Addressing journalists on the sidelines of the event, representative of Spaces for Change, Chetachi Louis Odeh, said that about four nongovernmental organizations collaborated to carry out the research on the Energy Transition Plan (ETP) and had made recommendations to the federal government.

“We discovered that the national transition plan was silent on the perspective of the oil rich communities where oil extraction have been going on for decades and that was what brought about our going into the communities to hear from the communities where the oil is taken out from to know their interest and concerns.

“Transiting to a greener energy or another source of energy is a very beautiful idea but we are saying that if that is going to be done the communities where extraction have gone on for decades shouldn’t be left the way the oil companies left them. A lot of things have happened to their environment and nobody is saying how the environment will be taken back to their former position before the extraction.

“We are transiting to another source of energy then what are the alternatives put in place before the community members? How are they going to survive, how are they going to move on? They have depended so much on fossil fuel, on extraction of crude oil, if you then remove it from them, how’re they going to cope ?

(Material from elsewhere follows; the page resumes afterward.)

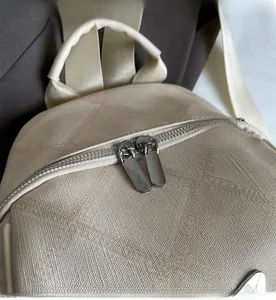 Close-up of smooth metal double zippers and woven texture on beige fashion backpack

“These, and more are our concerns towards the national plan and we have to move into the communities to get their perspective. So the meeting today is to create more awareness. We have launched the report already since December 2022 so we now call this meeting to hear from the communities and to even know whether they’re aware these is what is bound tohappen
year 2060. So that’s the whole essence of this meeting” she added.
She said that recommendations have been made to the Federal Government to revamp the environment and also hold the oil companies accountable before the programme is finally launched in 2060.
“You know about the Ogoni cases that have been ongoing for a long time. Even after the verdict the judgement from the Supreme Court no clean up have happened there so we recommended that some of these oil companies should be held responsible, they should be accountable to the environment”.
Highlights of the event was the unveiling of a simplified Handbook which was designed and produced by Extractive360 based on findings from the research, to help communities easily understand the global energy transition concept.